Tabii soru geldi: "Örneğin gazeteciler olarak bizim nasıl bir katkımız olabilir?"
Cevap:
"Polemiğe prim vermeyin..."
Soru: "Ama efendim, haber yapmayalım mı?"
Gül'ün buna karşı önerisi ilginçti:
"Bir de o denensin. Mesela bir hafta boyunca medya, sadece
'diğerleri hakkında olumlu sözler eden siyasileri' haber yapsın!"
Gazeteciler Gül'ü yoklamayı sürdürdü: "Biz öyle yapsak bile başkaları var. Mesela
TRT'nin Meclis kanalı, kavgaları olduğu gibi yayınlıyor. Biz haberi vermesek bile vatandaş orada izliyor."
Bunun üzerine salonda bulunan TRT genel Müdürü
İbrahim Şahin, "Siz yazmayı kesin, ben de yayını keseyim" deyiverdi.
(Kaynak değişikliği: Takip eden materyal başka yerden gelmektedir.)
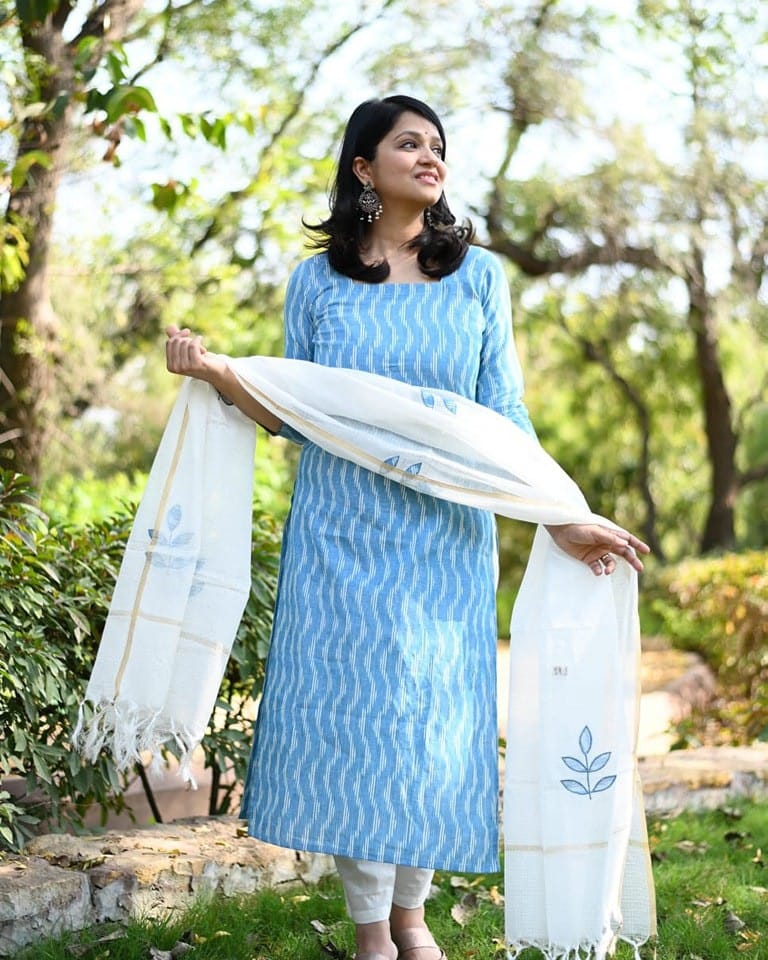 Pure handloom khadi cotton weaving suit Set (M-3XL)  KK_1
Farklı siyasetlerin güdüldüğü serbest medya ortamında bu önerinin uygulanma şansı çok az.
Ama yine de Gül, birçok kişinin duygularına hitap ediyor. Siyasetçilerin rekabet yerine düpedüz kavga etmesi, birçok insanın hoşuna gitmiyor.
Cumhurbaşkanı bu bezdirici siyasi gerilimi düşürmek için bir şeyler yapmayı planladığını da belirtti.
Ama ne? O da düşünüyor...
***
Evet, dünkü basın toplantısının en çok heyecan uyandıran bölümü buydu.
Biz şimdi gezi izlenimlerine kaldığımız yerden devam edelim...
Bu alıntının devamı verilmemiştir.